> [Task requirements]: Below are records; extract exactly the lines from the one containing "One Ball Rainbow" through the last, both included, and keep the pictures out.

#####

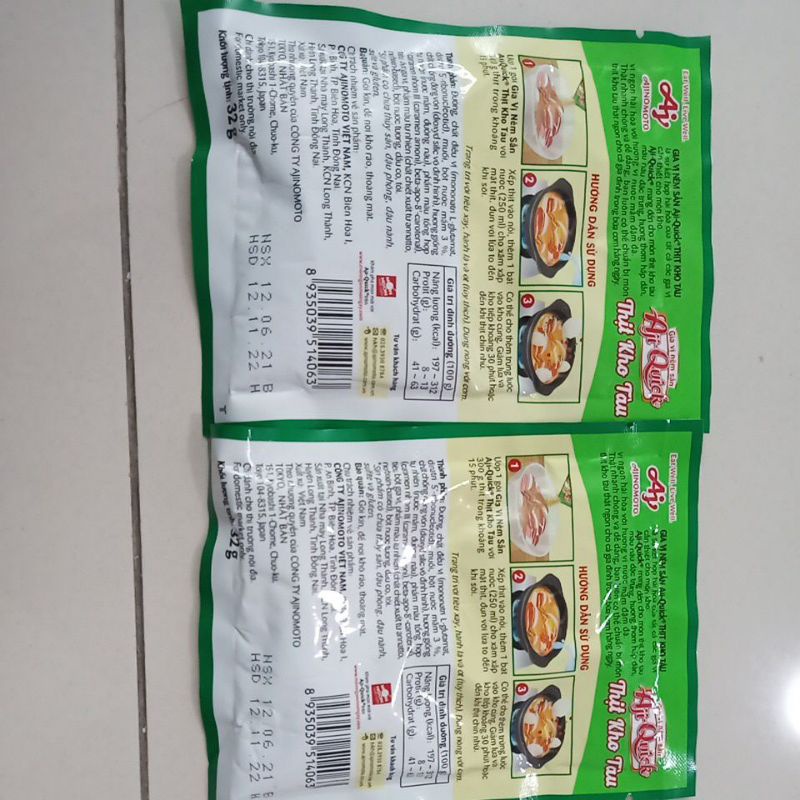 Gói Gia Vị Thịt Kho Tàu Aji Quick 32g - giao Hỏa Tốc Hà Nội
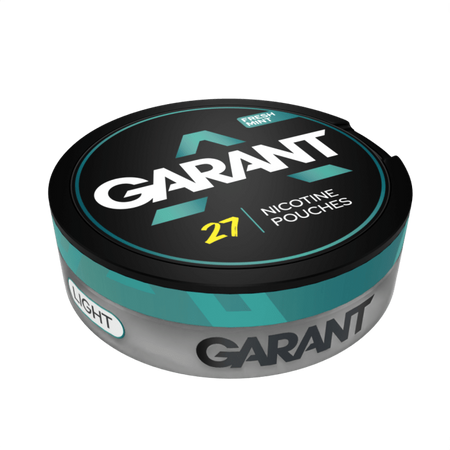 10 X Nikotinbeutel GARANT (Grant) Regular - Fresh Mint 35mg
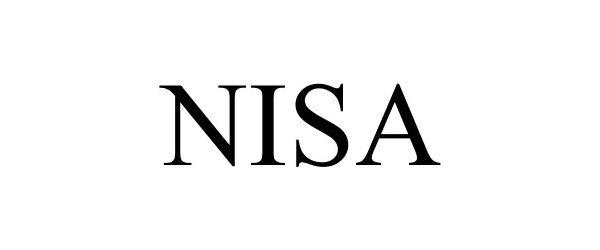 Trademark Logo NISA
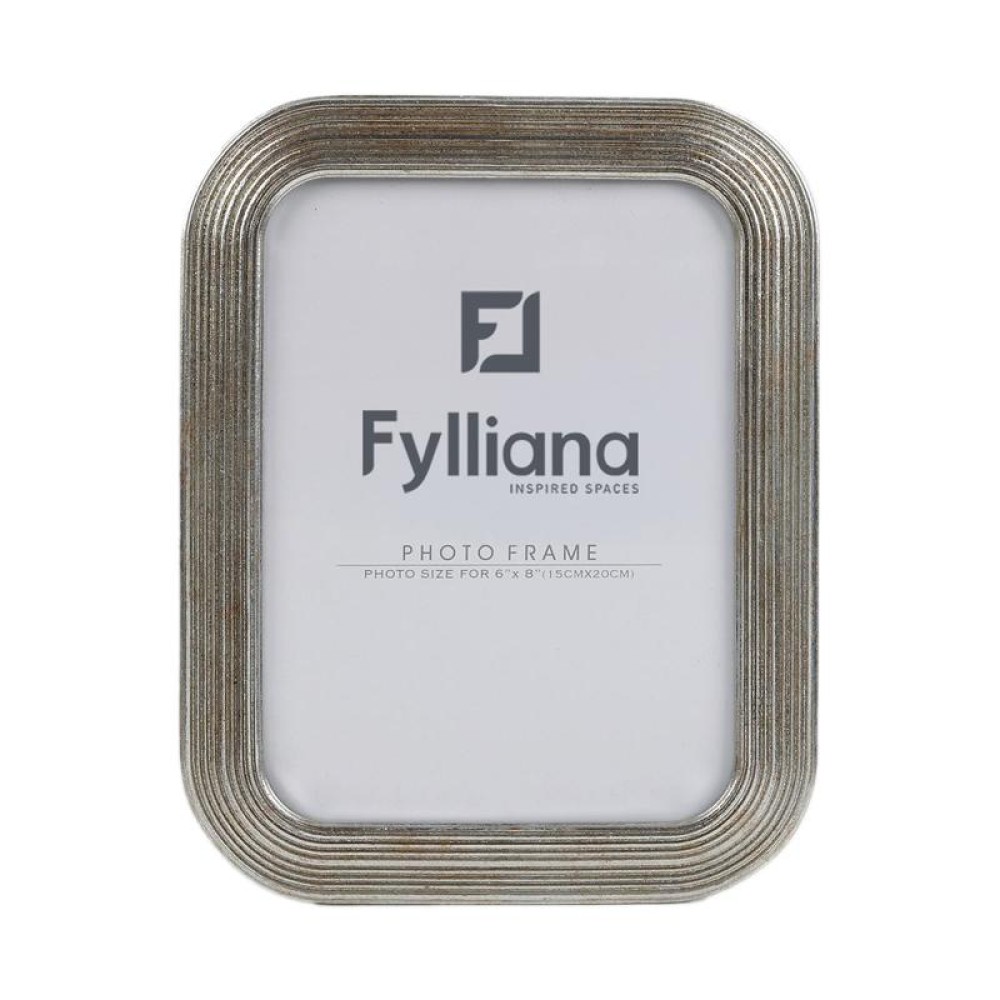 ΚΟΡΝΙΖΑ Fylliana FL0466 15x20 ΑΣΗΜΙ ΧΡΩΜΑ 20x2x25εκ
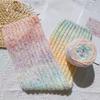 One Ball Rainbow Candy Wool Hand Knitting Mohair New Icelandic Wool Gradient Colour Thick Wool Yarn Scarf Diy Hand Mixed Yarn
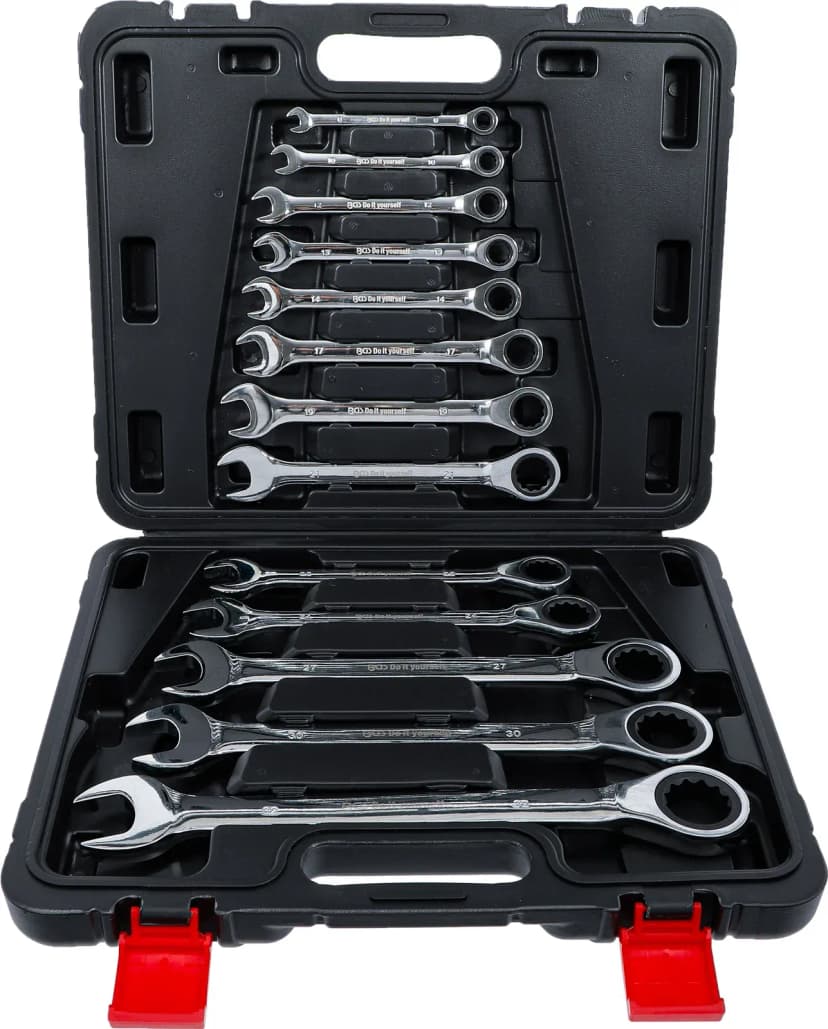 Set račnastih kombiniranih ključev, 8 - 32 mm, 13-delni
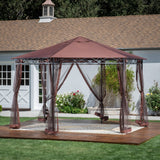 Christopher Knight Home® Noble House Duke Steel 6.5 X 6.5 Ft. Gazebo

#####

> [Task solution]:
 One Ball Rainbow Candy Wool Hand Knitting Mohair New Icelandic Wool Gradient Colour Thick Wool Yarn Scarf Diy Hand Mixed Yarn
 Set račnastih kombiniranih ključev, 8 - 32 mm, 13-delni
 Christopher Knight Home® Noble House Duke Steel 6.5 X 6.5 Ft. Gazebo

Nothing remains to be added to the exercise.